Between record sales of everything firearms related to the pandemic continuing to cause havoc with supply lines and design deadlines, 2021 stands out as a year with not a lot of new things on the market.

However, that hasn’t totally stopped the industry.

From new releases that we’re excited about to some news stories that are important to remember, here are some of the highlights of 2021!

New Firearm Releases


Aero Precision and JP Enterprises both released a PCC this year — the Aero Precision EPC and the JP Enterprises JP-5.

gun year in review
Aero Precision EPC

Both are pretty amazing and solid rifles, but the JP-5 kicks it up a notch with a roller-delayed blowback system that reduces felt recoil and is just badass.

gun year in review
JP Enterprises JP-5


Several very cool rifles hit the market in 2021, two of them aimed at lightweight hunting.

While the Sig Sauer Cross technically came out in 2020, it was quickly recalled due to a safety issue and didn’t really start hitting shelves until early 2021 — so we’ll count it as a 2021 rifle.

Less than 7 pounds, this is a very cool chassis rifle designed for long-range hunters.

gun year in review

Sig Sauer Cross in 6.5 Creedmoor with a Primary Arms scope, Magpul bipod, and an Area 419 Muzzle Brake. Review coming soon!

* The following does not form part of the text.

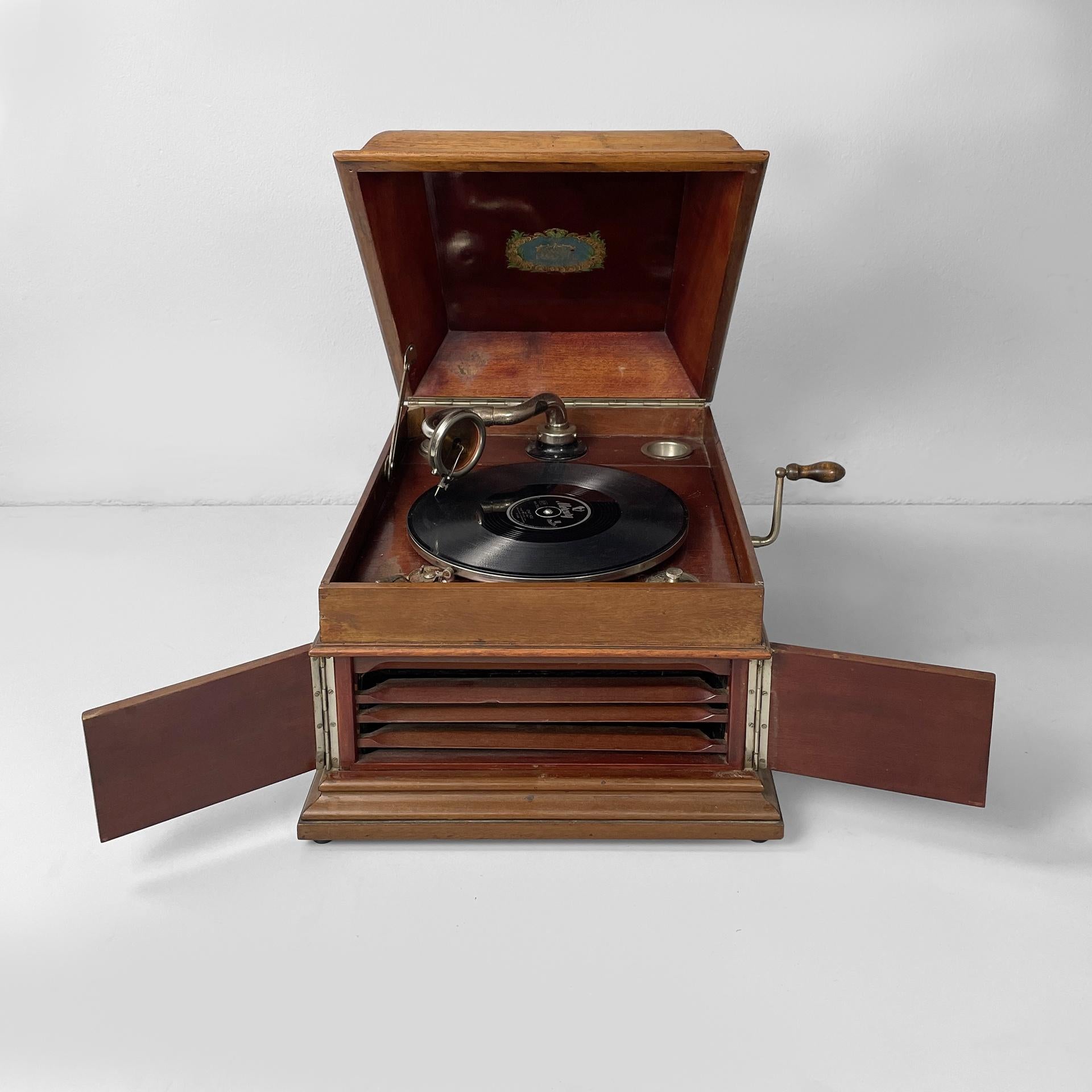 Grammofono italiano in legno e metallo della metà del secolo scorso di C.C., anni '40
Fantastico grammofono da tavolo vintage con struttura in legno e due raccolte di dischi con ventidue dischi. All'interno c'è un giradischi rivestito in tessuto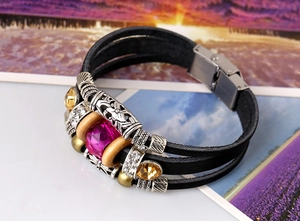 Détail d'un bracelet en cuir multicouche avec cristal magenta et breloques vintage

Another big splash in the hunting rifle world was the Savage Impulse, a straight-pull bolt action rifle that brings a whole new design to the game.

Able to chamber rounds almost twice as fast as a normal bolt rifle, the Impulse is at the very least the most different rifle we’ve seen hit the market in a long time. That alone makes it very cool in our book.

gun year in review
Savage Impulse

For a long, long time Henry has been one of the leading names in lever-action rifles offering a wide range of outstanding options. But only recently have they finally started offering lever-action rifles with side loading gates. The Henry All-Weather Side-Gate in .45-70 hits 2021 as both being very retro and very modern.

The stainless steel and polymer build makes this one of the most durable lever-actions you can find while .45-70 gives you a classic heavy-hitting thumper of a cartridge.

Henry All-Weather Picatinny Rail Side-Gate .45-70
Henry All-Weather Picatinny Rail Side-Gate .45-70


The CZ Tactical Sport 2 is the next evolution from CZ to make the legendary SP-01 platform even more awesome.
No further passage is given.